Más al sur hay otros dos atractivos de las Palaos: Peleliu y Angaur. La primera es una isla que fue escenario de una de las batallas más encarnizadas del Pacífico en la Segunda Guerra Mundial. En los fondos de sus aguas los submarinistas pueden disfrutar del testimonio de estos enfrentamientos entre norteamericanos y japoneses, que se ha convertido hoy en un vivero de especies marinas. En tierra firme, las instalaciones militares y una pequeña pista aérea, casi abandonada, sirven también de recuerdo de la guerra. En otra isla cercana, Angaur, donde también hubo un choque entre marines y nipones, existe un lugar muy popular para la práctica del surf.

Hoteles: Tranquilos y aislados

Las islas Palaos se sitúan a mitad de camino entre Indonesia (700 kilómetros), Filipinas (800 kilómetros), Japón (2.000 kilómetros) y la isla norteamericana de Guam (800 kilómetros). Delta Airlines (www.delta.com) y Japan Airlines (www.jal.co.jp/en) vuelan desde Japón. Desde Guam hay servicio diario; también se llega desde Manila, que cuenta con dos vuelos semanales, operados por Fly Guam (www.flyguam.com) y Continental Airlines (www.continental.com).

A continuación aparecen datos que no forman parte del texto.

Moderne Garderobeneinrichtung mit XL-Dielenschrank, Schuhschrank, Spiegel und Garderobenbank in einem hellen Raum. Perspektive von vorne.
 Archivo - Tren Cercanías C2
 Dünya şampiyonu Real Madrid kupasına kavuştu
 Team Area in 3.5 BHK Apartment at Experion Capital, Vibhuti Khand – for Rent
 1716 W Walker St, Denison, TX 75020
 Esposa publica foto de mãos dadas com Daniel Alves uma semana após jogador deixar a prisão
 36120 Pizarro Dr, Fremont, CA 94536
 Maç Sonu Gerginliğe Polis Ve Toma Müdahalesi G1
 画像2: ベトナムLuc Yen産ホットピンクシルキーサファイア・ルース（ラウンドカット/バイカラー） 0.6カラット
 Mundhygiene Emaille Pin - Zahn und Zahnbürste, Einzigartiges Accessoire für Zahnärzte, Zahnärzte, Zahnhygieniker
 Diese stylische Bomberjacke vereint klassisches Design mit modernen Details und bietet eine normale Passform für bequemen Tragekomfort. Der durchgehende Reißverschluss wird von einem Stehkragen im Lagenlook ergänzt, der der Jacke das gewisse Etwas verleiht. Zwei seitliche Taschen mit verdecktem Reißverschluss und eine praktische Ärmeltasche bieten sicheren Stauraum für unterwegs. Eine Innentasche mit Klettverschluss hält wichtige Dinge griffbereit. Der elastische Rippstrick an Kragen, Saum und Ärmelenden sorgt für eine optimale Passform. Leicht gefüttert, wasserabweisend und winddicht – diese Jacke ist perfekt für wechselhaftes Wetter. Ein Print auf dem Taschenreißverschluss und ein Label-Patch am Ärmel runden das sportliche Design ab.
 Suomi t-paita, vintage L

En cuanto a la oferta hotelera, es múltiple y diversa. Las Palaos no son las Maldivas, pero desde finales de los años 90 el país está poniendo al día su oferta hotelera y de alquiler de bungalós, cottages y apartamentos. Entre ellos destaca el Carolines Resort (www.carolinesresort.com), donde es posible disfrutar de vistas extraordinarias. Tranquilo y aislado, el complejo ofrece diversas casas de madera junto a un marco natural envidiable; todas ellas disponen de una gran terraza frente a un océano de ensueño. Otra buena opción es Palau Plantation Resort (www.palau-resort.com), con su ambientación tropical, y el Palau Pacific Resort (www.palauppr.com), un resort de cinco estrellas de 160 habitaciones con todas las comodidades y servicios de un establecimiento de esta categoría y servicio. De hecho lleva once años consecutivos ganando el Best Diving Resort, otorgado por Dive & Travel Awards. Palau Pacific Resort es lo más parecido a una escapada al fin del mundo, un oasis donde las preocupaciones cotidianas se desvanecen entre el suave rumor del oleaje.

En el área de Koror se sitúan también otros hoteles que ofrecen buenos servicios, como el Sea Passion Hotel (www.palauseapassion.com), y los de categoría inferior, aunque de buena relación calidad-precio, como el Palasia Hotel Palau (www.palasia-hotel.com) y el Cliffside Hotel (www.cliffsidehotelpalau.com). En cambio, una buena alternativa a este modelo de alojamiento (y también de precio) es el alquiler de bungalós en las apartadas playas del norte del país (www.northbeachcottages.com). Allí, con unos precios más asequibles (unos 120 dólares por noche) es posible también disfrutar del paraíso en la más estricta intimidad.